7 bad habits that hurt your credit score

7 bad habits that hurt your credit score

author: Bryony Pearce

By Bryony Pearce

You could be harming your credit score without even realising it. Limit your damage today by nipping these bad habits in the bud.


Are you fed up with your credit score holding you back? Are you sick of missing out on the best deals? And do you feel like you’re facing a never-ending blackhole trying to improve your rating?

Did you just answer yes, yes, and yes?

Then strap in. Because if you’re guilty of any of the following bad habits, that could be why.

1. Making endless applications

Each full application you make shows up on your credit history. In the eyes of a lender, making lots of applications for credit in a short space of time can make you look desperate for cash – and this could be a red flag that your money management isn’t the best.

There’s a simple solution to this, though. To avoid making lots of applications, see if you can check your eligibility before you apply. If you get the go ahead, you’ll be able to apply in confidence – instead of falling into the trap of blindly applying and getting turned away.

2. Not signing up to vote 

Lenders see if you’re on the electoral roll to check you are who you say you are. So, to put it simply, if you’re not registered to vote they can’t do this as easily. And, if they can’t be sure of your identity, they can’t be certain it’s not financial fraud, which means they can’t be certain they’ll get their money back.

Don’t worry, getting yourself signed up to the electoral roll is super easy. Head over here to get the wheels in motion.

3. Missing a payment

When you take out a form of credit, you’re agreeing to repay the money you’ve been lent month by month. If it’s a credit card, this’ll be with at least the minimum payments each month. And if it’s a loan, you’ll pay pre-agreed instalments over a set period of time.

If you miss a payment it’ll leave a mark on your credit history and drag your credit score down, because let’s be honest, it doesn’t look great to potential lenders. All lenders mostly want is the reassurance they’ll get back what they lend to you – on time and without fuss, and a missed payment goes against this.

4. Using too much credit

Using too much of your existing credit can give your credit score a knock. Why? Because it hurts your credit utilisation ratio, making it look like you’re depending on money that’s not actually yours.
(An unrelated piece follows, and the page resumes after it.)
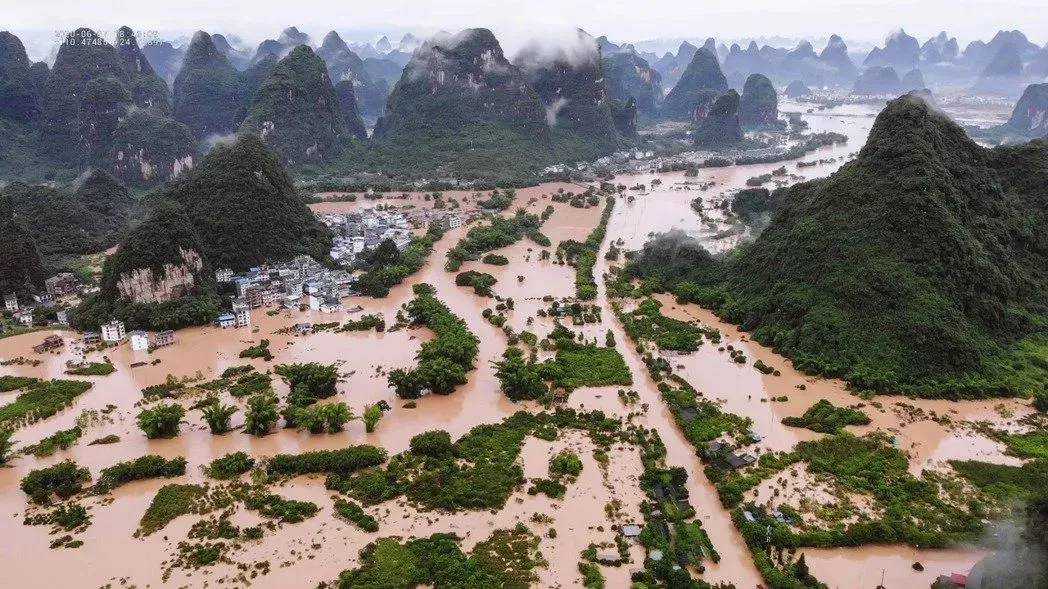 洪灾前的思考：面对频发的自然灾害，我们能买什么保险？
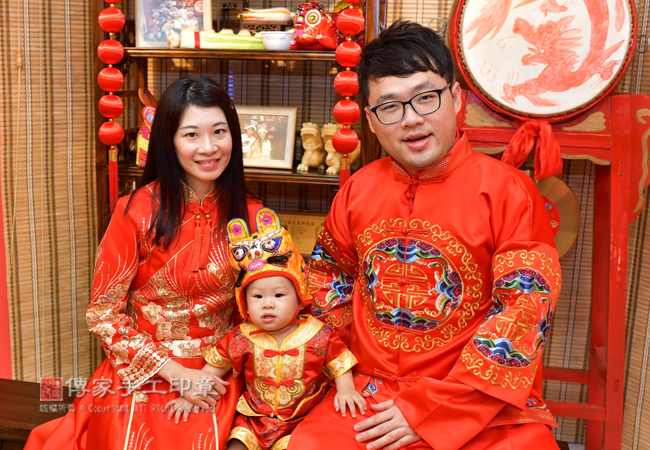 爸媽和小孩穿中國風的禮服照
In Layman’s terms, your credit utilisation ratio is the difference between how much credit you’ve used vs how much credit you’ve got available to you.

For example, if you’ve got a credit card with a £2,000 limit and a £3,000 personal loan to your name and you’ve used £2,500 of them combined, your credit utilisation ratio would be 50% - which isn’t ideal.
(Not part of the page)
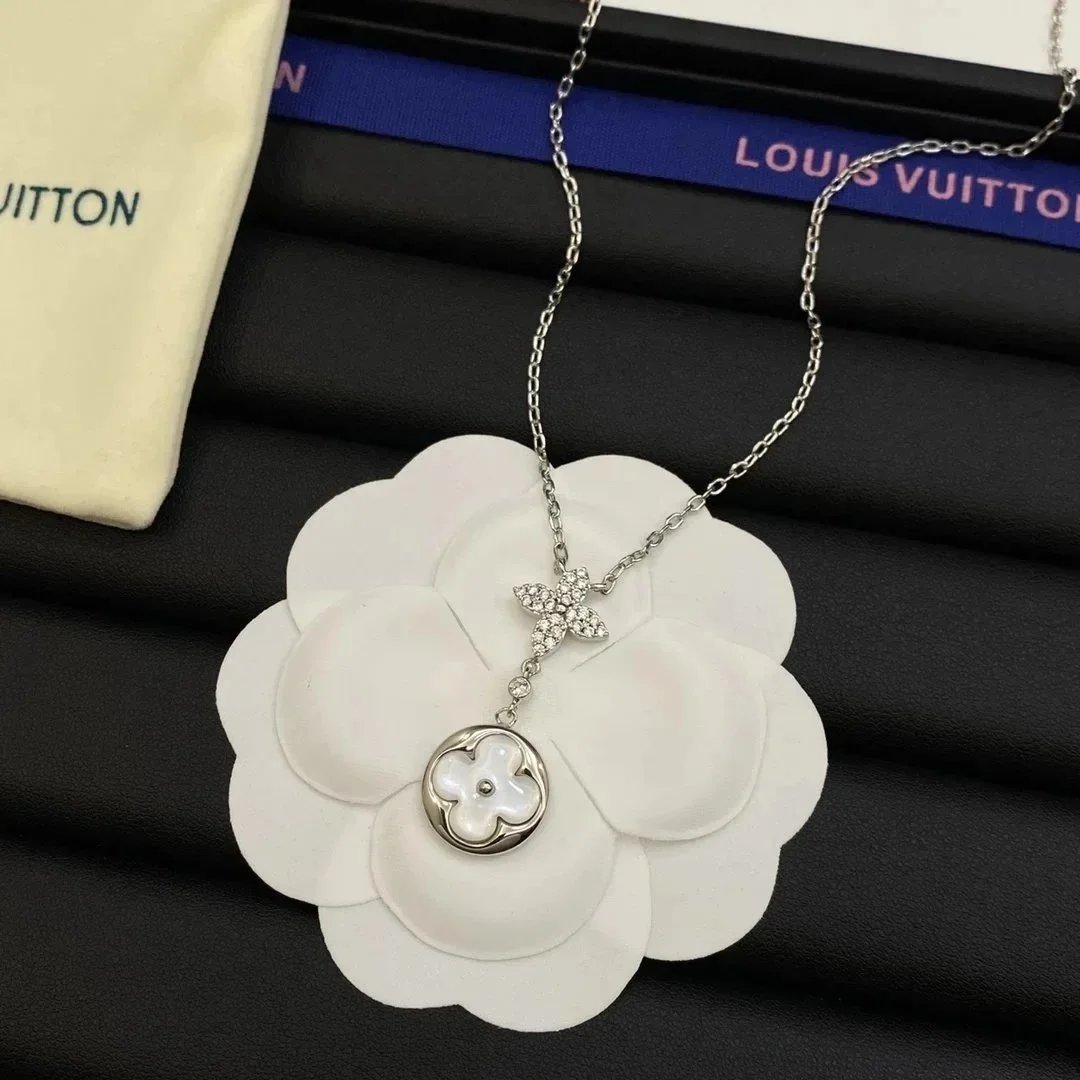 Louis Vuitton Flower Pendant Necklace White Gold Floral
As a rule of thumb, creditors like to see your ratio hovering around the 30% mark.

4. Closing accounts too soon

Closing down your accounts too soon can damage your credit score in a couple of ways. Firstly, it can increase your credit utilisation ratio and secondly, it can reduce your length of credit history.

For example, if you’ve got a credit card, you’ve had it for several years, and you’ve always cleared your credit in full at the end of the month, this’ll go a long way in showing current and future lenders you’re a reliable and responsible borrower, and a pretty safe bet.
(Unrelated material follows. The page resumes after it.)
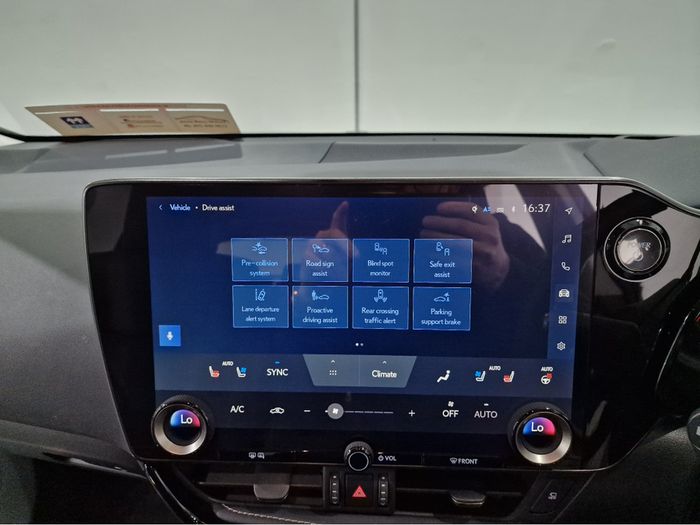 Lexus NX 450H+ 2024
Instead of closing the account and stripping yourself of all its advantages, it might be a wiser idea to keep it open and spend on it little and often, so you can reap the rewards you’ve built up.

6. Lack of variety

Another thing lenders like to see is diversity. Generally speaking, people with top credit scores tend to have a mix of credit accounts against their name - like a credit card, a personal loan, and a mortgage.

So, why do they like to see this? Mainly because it shows you can successfully juggle a number of different credit types. It’s particularly valuable to have both instalment credit (your loans and mortgages) and revolving credit (credit cards being the most common type) on your record, because it shows you’re responsible regardless of the repayment plan.

7. Not cutting ties with old connections

Last but by no means least are your financial associations. If you’ve taken out a joint loan with anyone, their financial history will then be linked to yours, which means lenders can see it when reviewing your credit file.

If they’ve got a spotless credit history this isn’t a problem. But if they’ve got a less than perfect credit history, their patchy record could actually hold yours back too. The reason for this is because the lender might worry you’ll step in and help your partner resolve their debts before you repay your own.

To see who, if anyone, you’re financially connected to, just head to the ‘Financial associations’ section of your credit report.

Got more questions about your credit score?

Then get your fix by heading over to our dedicated blog section on them here, or our bank of credit score guides here.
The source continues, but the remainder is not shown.